## Your goal:
Quote the records below in full, exactly as given, with the images taken out.

--- START ---

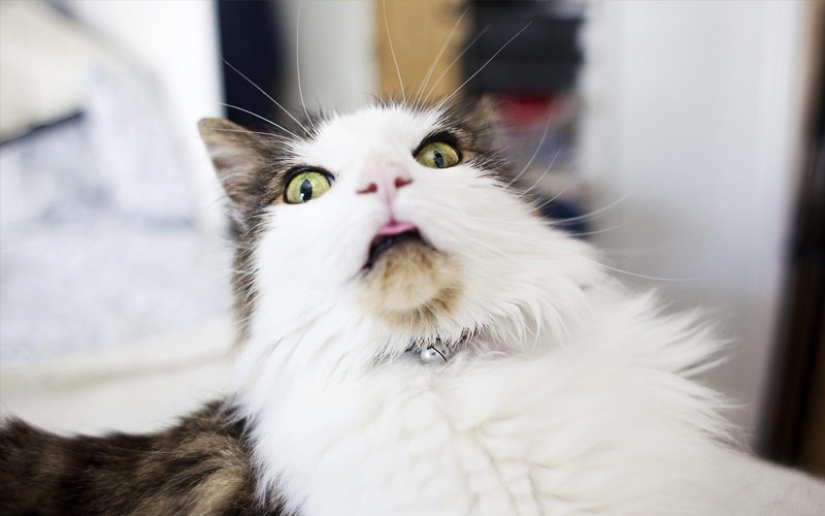 30 maneras de usar los gatos en la casa 30 maneras de usar los gatos en la casa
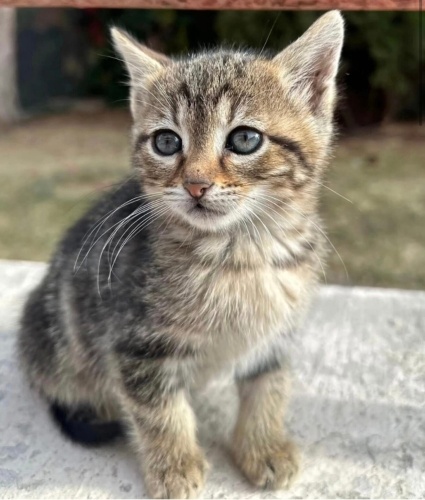 Boncuklara yuva aranıyor fotoğraf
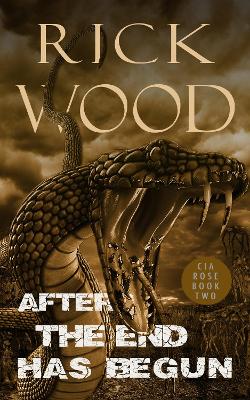 Cover of After the End Has Begun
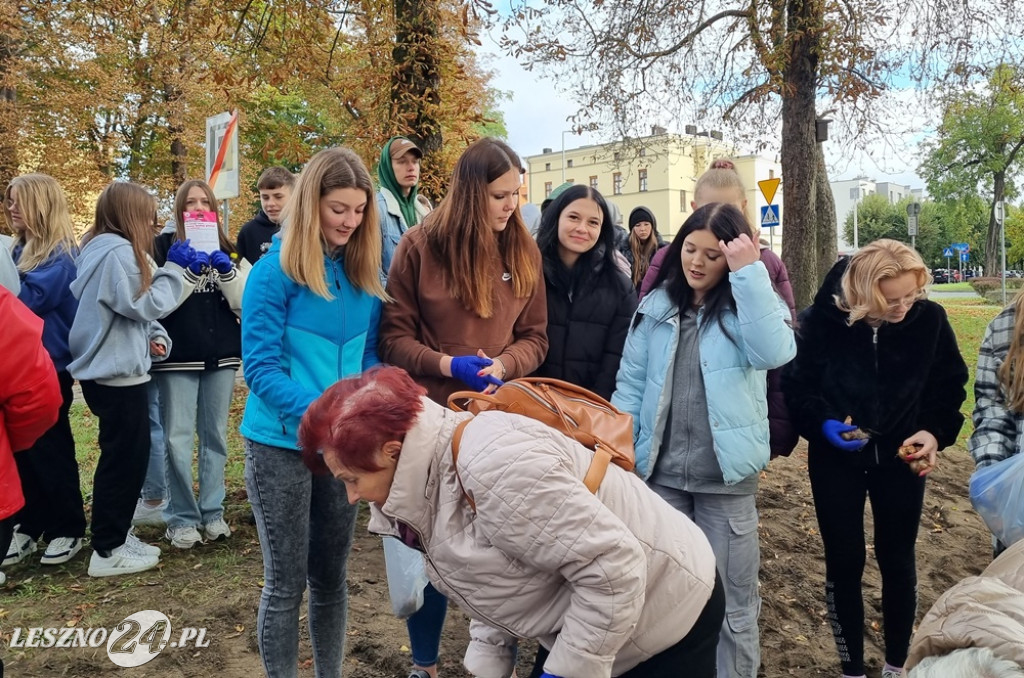 Zasadzono nie tylko żonkile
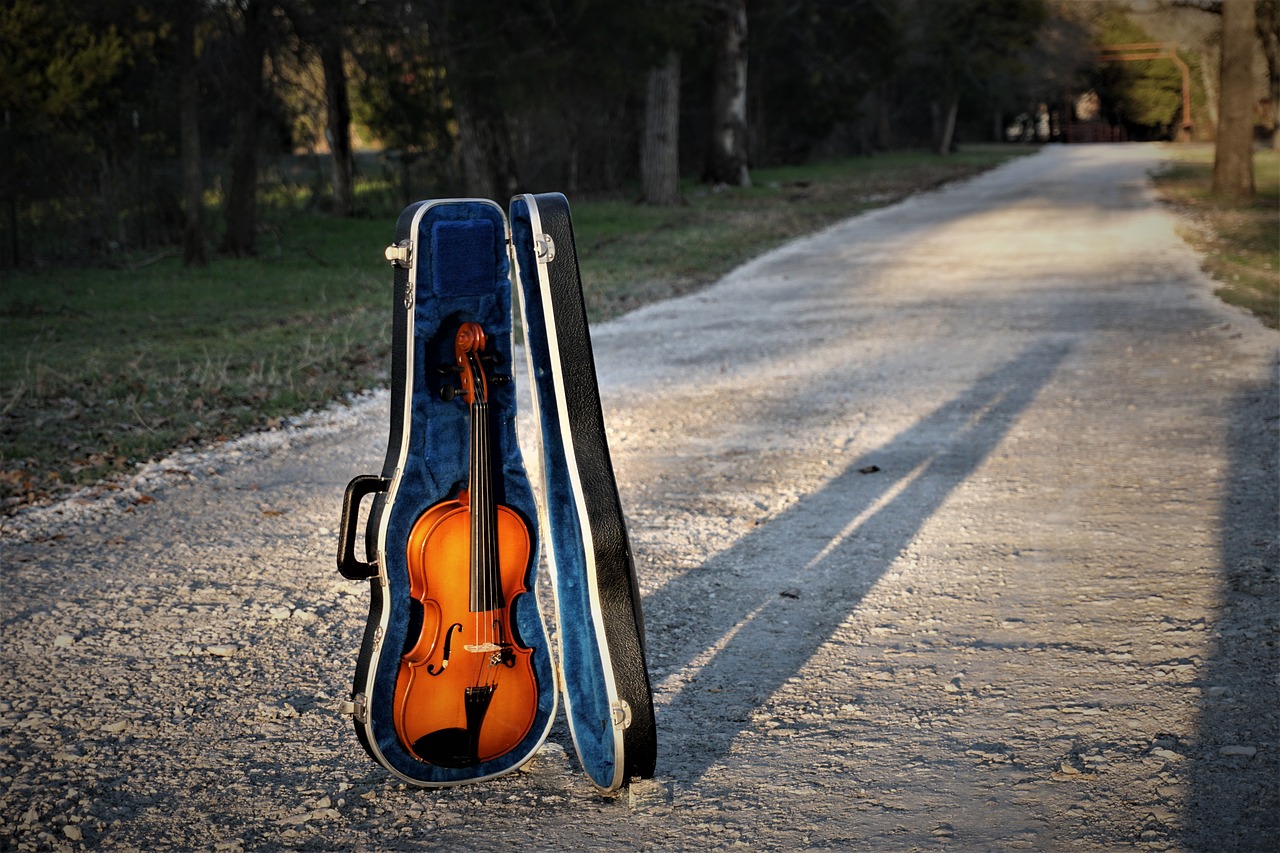 violin  instrument  music free photo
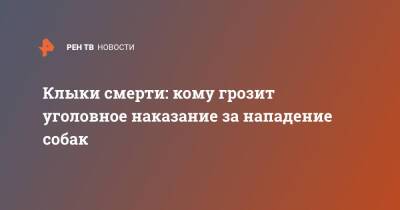 Клыки смерти: кому грозит уголовное наказание за нападение собак - ren.tv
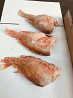Atlantic sea bass buy seafood wholesale Murmansk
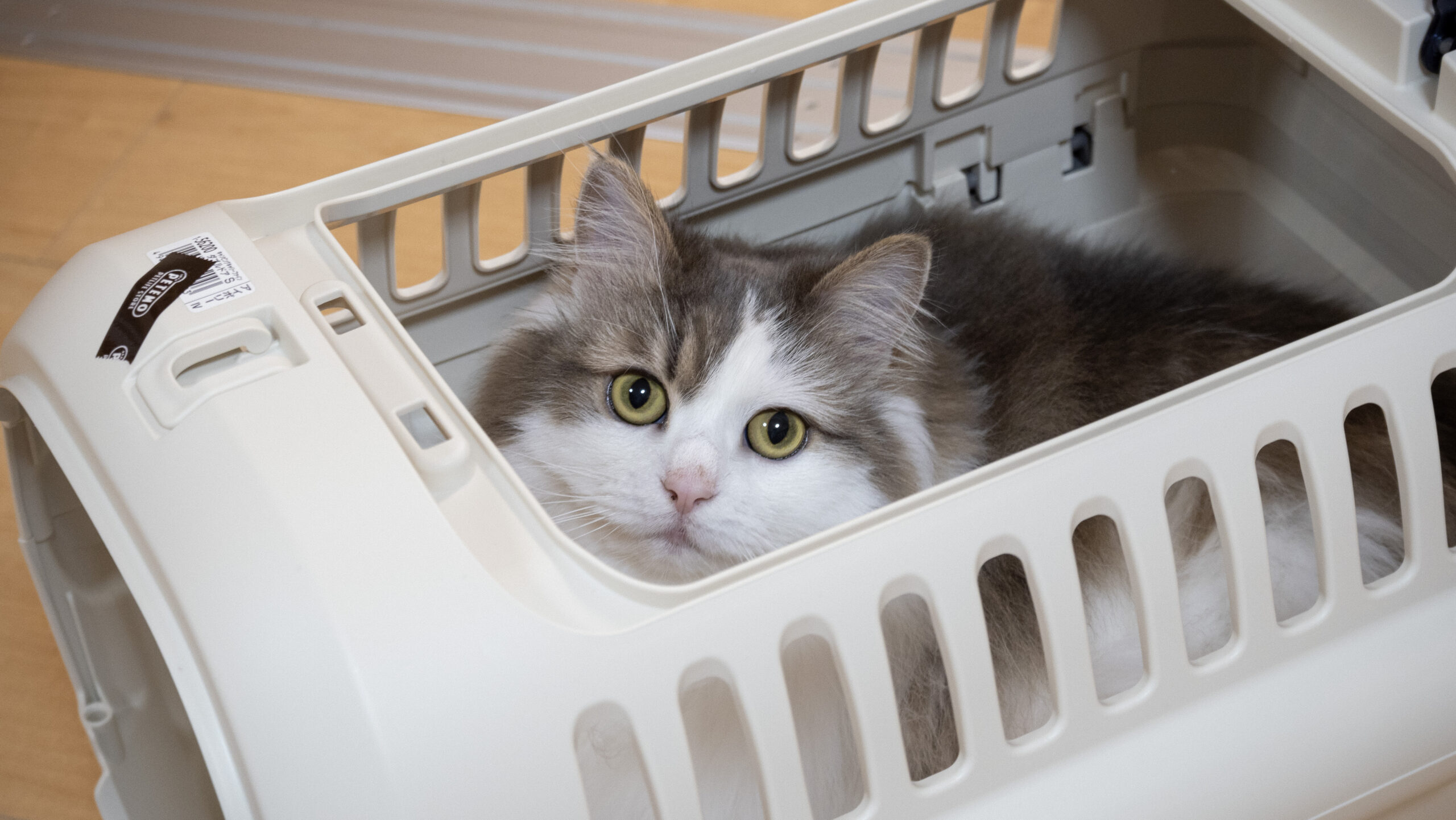 飼い猫のキャリーバッグをケージタイプに買い替えレビュー｜ましまろ blog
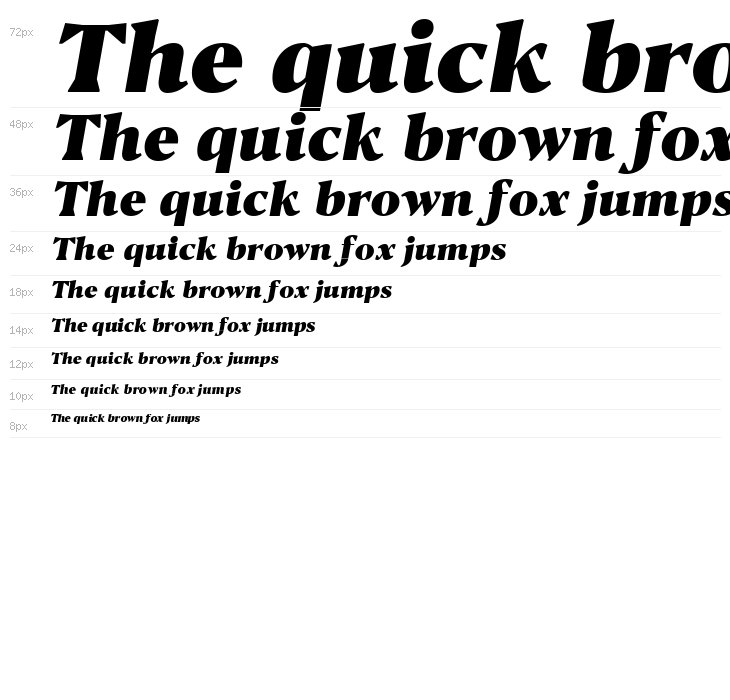 Blacker Text Heavy Italic Waterfall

--- END ---

## Task answer:
 30 maneras de usar los gatos en la casa 30 maneras de usar los gatos en la casa
 Boncuklara yuva aranıyor fotoğraf
 Cover of After the End Has Begun
 Zasadzono nie tylko żonkile
 violin  instrument  music free photo
 Клыки смерти: кому грозит уголовное наказание за нападение собак - ren.tv
Atlantic sea bass buy seafood wholesale Murmansk
 飼い猫のキャリーバッグをケージタイプに買い替えレビュー｜ましまろ blog
 Blacker Text Heavy Italic Waterfall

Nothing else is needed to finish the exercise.